Mieszkańcy kilku staromiejskich kamienic mają dość grajków z Bramy Krakowskiej. Poskarżyli się jednemu z radnych PO.
Z prośbą o wprowadzenie zezwoleń wystąpiła grupa mieszkańców Starego Miasta. W poniedziałek zwołali w tej sprawie specjalne zebranie. - Na grajków skarżą się przede wszystkim mieszkańcy kamienic położonych najbliżej bramy - mówi Zofia Popiołek, przewodnicząca zarządu dzielnicy Stare Miasto. - To nawet nie jest muzyka, tylko ryki i wrzaski. Są tacy, którzy wręcz zachodzą drogę przechodniom, dopominając się pieniędzy.
Pomysły są dwa. Mniej zwolenników ma ten bardziej radykalny, by w ogóle zakazać gry w Bramie Krakowskiej. - Bo z tą młodzieżą, która pod wpływem alkoholu i narkotyków uprawia kocią muzykę, leżąc na bruku, koniecznie trzeba coś zrobić. Ale niektórych muzyków byłoby szkoda. Na deptaku jest taki skrzypek, obok którego z chęcią przystaję, wracając z pracy, bo gra przepięknie - tłumaczy Popiołek.
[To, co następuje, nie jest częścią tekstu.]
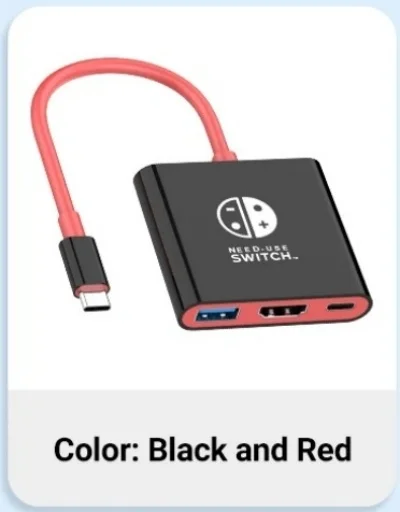 Compact Travel-Friendly Docking Station with HDMI and USB 3.0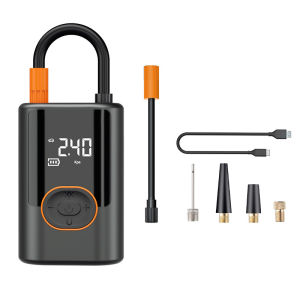 Car Wireless Portable Air Pump Smart Digital Tire Pressure Detection Lightweight Fast Charging Pump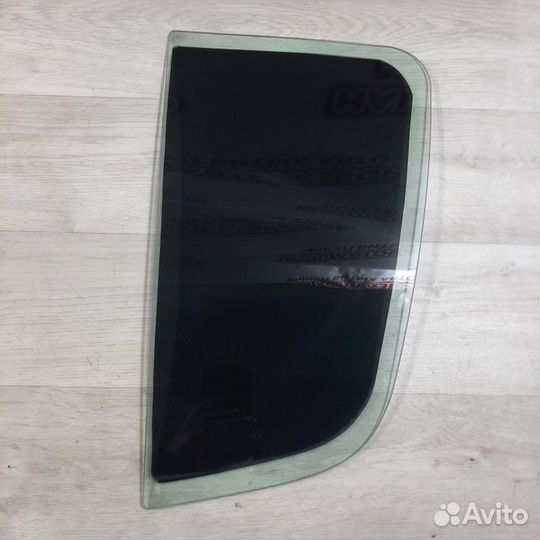 Форточка двери задняя левая Renault Sandero 2013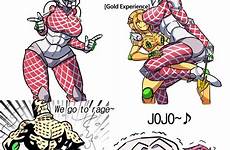 jojo adventure stands anime bizarre girl bizzare gender comics dibujos funny monster banana cute seleccionar tablero crossover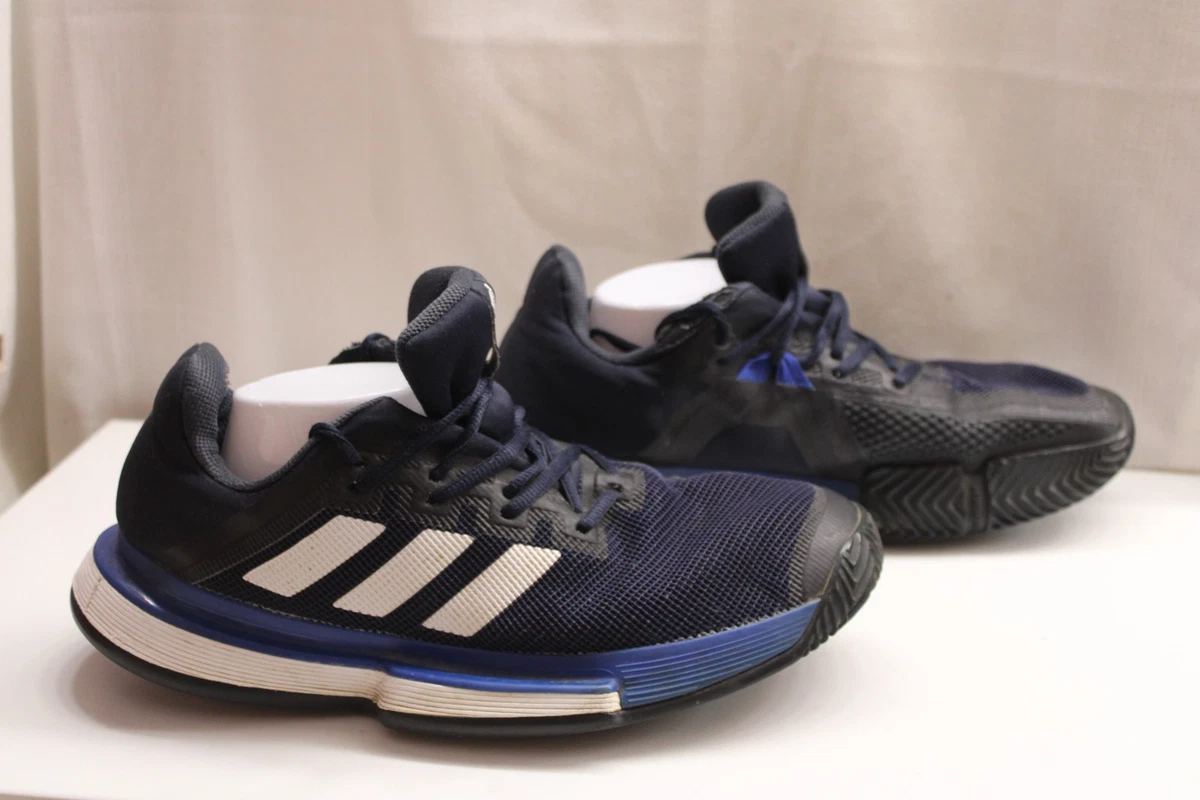 adidas SoleMatch Bounce White for Sale | Authenticity Guaranteed | eBay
Stąd drugi pomysł. - Trzeba wprowadzić zezwolenia na granie w Bramie Krakowskiej - mówi Marcin Nowak, miejski radny Platformy Obywatelskiej, który wczoraj napisał w tej sprawie oficjalne pismo do prezydenta Lublina. Grajków z Bramy Krakowskiej określa mianem "watahy wyjców i zbójców” oraz "pseudoartystycznych meneli”. - Dzięki temu nie będzie sytuacji, że kilku dziadów siądzie na ulicy i zacznie wyć.
Ratusz jest zaskoczony propozycją radnego.
- Nie mamy rozeznania, jak mogłoby być uregulowane prawnie wydawanie takich zezwoleń dla ludzi mniej lub bardziej profesjonalnie uprawiających swoją pasję - mówi Iwona Blajerska, rzecznik prezydenta Lublina. - Rodzi się też pytanie, kto i w jakim trybie miałby oceniać talent i umiejętności osób starających się o takie pozwolenie - dodaje.
- Mogłaby to być na przykład komisja złożona z przedstawiciela prezydenta, kogoś ze świata artystycznego i reprezentanta miejskiej Komisji Kultury. Ale wybór konkretnego rozwiązania pozostawiam już prezydentowi - odpowiada Nowak.
Wczoraj sytuację wBramie Krakowskiej uregulowała pogoda. Nie było nikogo, bo padał deszcz.